周知の通り、ホッカイドウ競馬の2歳重賞戦線は、1200mの
栄冠賞を起点として、性別や距離を異にして路線が分かれていく。この
ブリーダーズゴールドジュニアカップは、世代初の中距離を舞台にした重賞である。一昨年の勝ち馬
ベルピット、昨年の勝ち馬
ブラックバトラーは、ともに後の
JBC2歳優駿で地方馬最先着を果たしており、大一番に直結する重賞として見逃せない一戦だ。
まず注目すべきは、
栄冠賞馬
ベラジオゼロの参戦だろう。デビューから負けなしの3戦3勝で世代の一番星に輝いた馬である。豊かなスピードを生かしての活躍だが、ここ2戦はそれをうまくコントロールして好位から抜け出す戦法を取っており、センスの良さも折り紙付きだ。本質的な距離適性は未知数だが、初のコーナー4つの競馬に対する不安は大きくないだろう。

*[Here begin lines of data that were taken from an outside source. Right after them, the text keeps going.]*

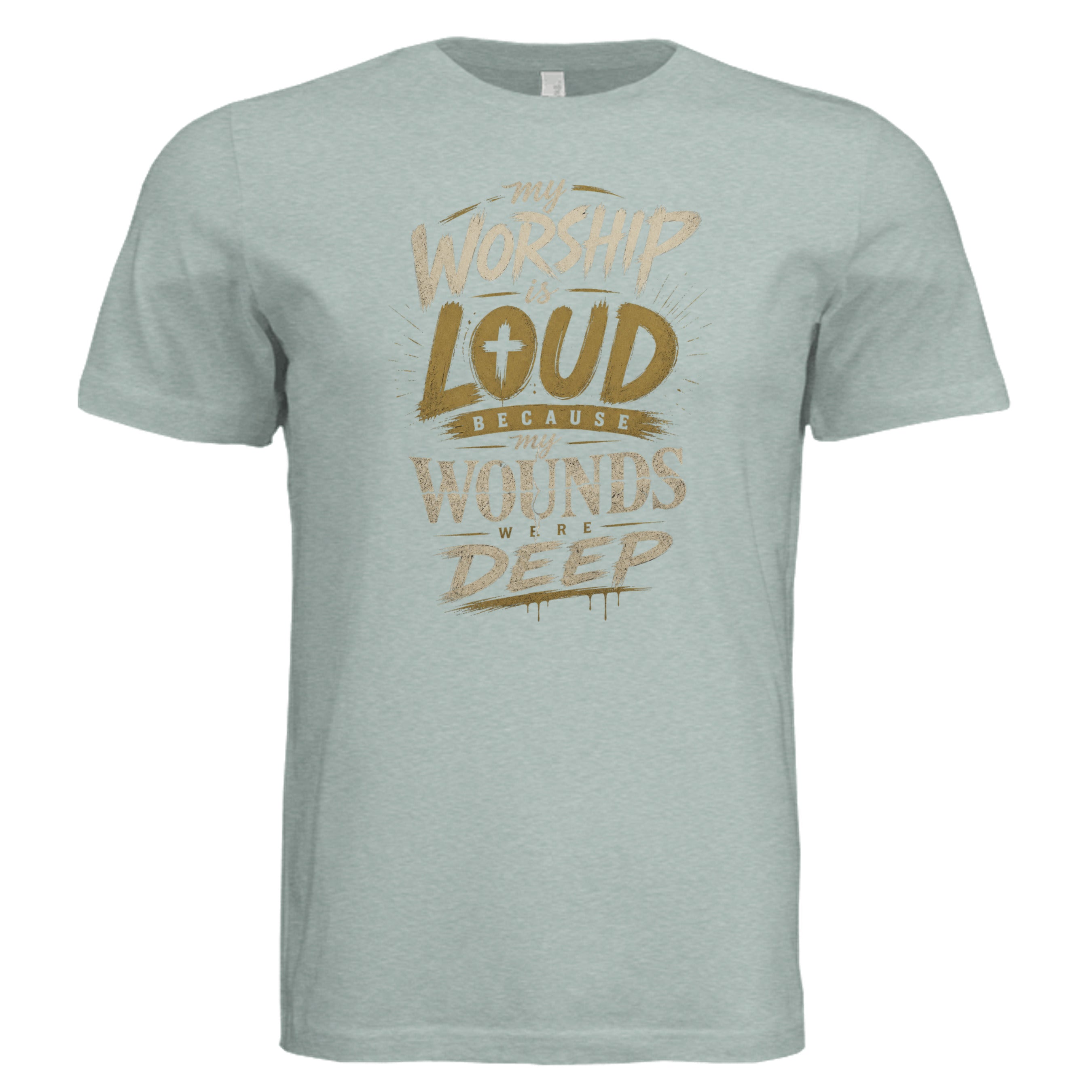 Dusty Blue Triblend - 3413C - FRONT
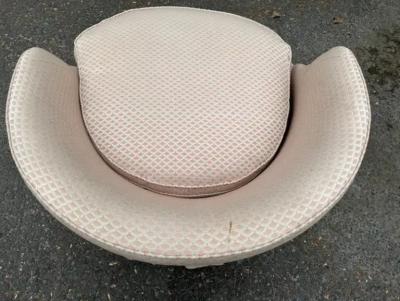Milo Baughman Wonderful Milo Baughman Thayer Coggin Circular Round Swivel Lounge Chair
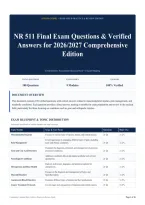 NR 511 Final Exam Questions & Verified Answers for 2026&sol;2027 Comprehensive Edition &lpar;1&rpar;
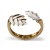 Lladrò Heliconia Bracciale rigido in porcellana e rifiniture oro BIANCO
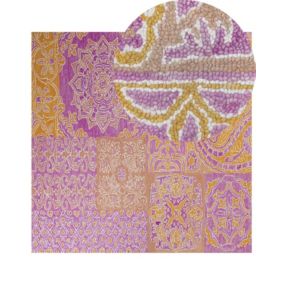 Dywan wełniany 200 x 200 cm wielokolorowy Avanos 1 szt.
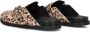 Haboob Amelie suède clogs met panterprint beige bruin - Thumbnail 5
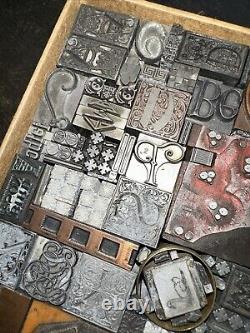 Print Blocks Lead Ornamental Borders Dingbats Gorgeous Variety! #79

ただ、やはり2歳中距離戦においては、「経験値」が重要な
ファクターである。既に中距離戦で高レベルの走りを実証しているという点で、
川島洋人厩舎の2頭、
リコースパローと
ソルジャーフィルドには大きなアドバンテージがある。
この2頭のポテンシャルは、いずれも間違いなく重賞級。甲乙はつけがたいが、使うレースを絞って重賞を狙い撃つローテの前者と、キャリアを積ませながら馬を鍛えてきた後者には、先ほどの単なる「距離経験」とはまた違う「実戦経験」の差がある。馬の後ろで砂を被った上で抜け出してきた経験や、スローペースとミドルペースの性質の異なる1700m戦に対応した経験が、
ソルジャーフィルドの強みであるわけだ。
また、前走の1分49秒9という走破タイムは、昨年のこの重賞を凌ぐもの。おそらく
リコースパローもこのタイムでは走れるだろうが、今回に限っては、総合的な経験値で
ソルジャーフィルドに分があるのではないかと見ている。
実績やタイムレベルを考えると、上記3頭が抜けた存在だ。
フークトウフェンという馬も将来性は高そうだが、今月1100mでデビューしたばかりで、大きくは狙いづらい。今回の結果次第では、この先化ける可能性があるだろう。